**TASK DESCRIPTION**
The whole listing below should be printed again exactly, with no images.

**DATA BELOW**

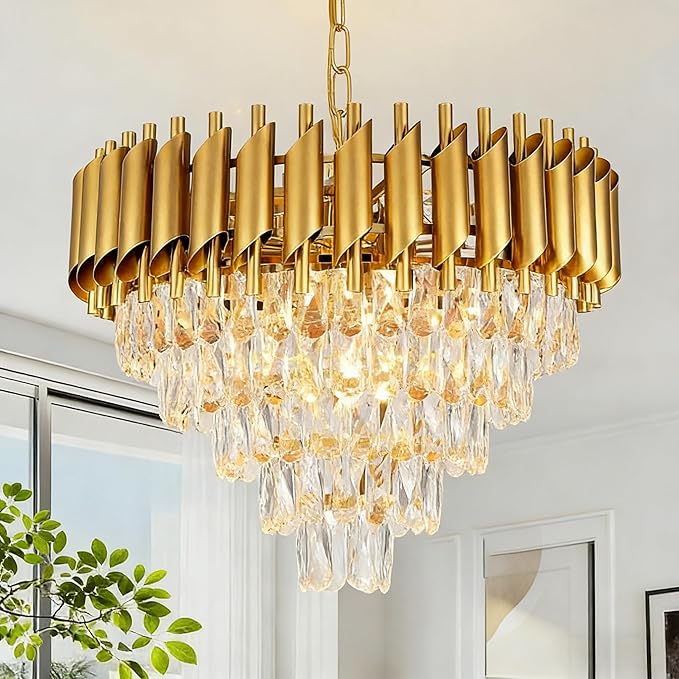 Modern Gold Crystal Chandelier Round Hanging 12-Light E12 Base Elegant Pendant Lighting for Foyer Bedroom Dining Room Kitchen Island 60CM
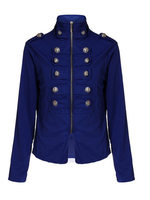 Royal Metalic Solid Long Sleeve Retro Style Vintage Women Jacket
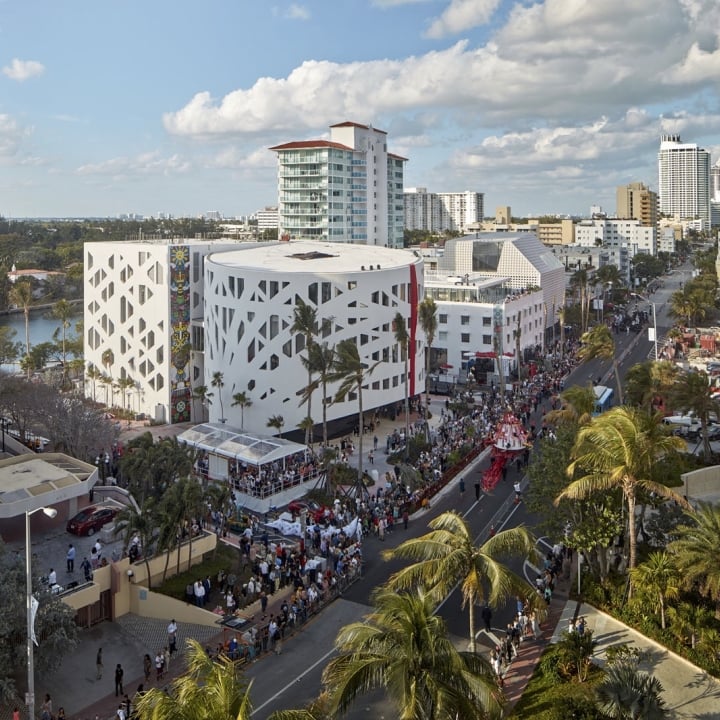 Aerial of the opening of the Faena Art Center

**OUTPUT BELOW**
 Modern Gold Crystal Chandelier Round Hanging 12-Light E12 Base Elegant Pendant Lighting for Foyer Bedroom Dining Room Kitchen Island 60CM
 Royal Metalic Solid Long Sleeve Retro Style Vintage Women Jacket
 Aerial of the opening of the Faena Art Center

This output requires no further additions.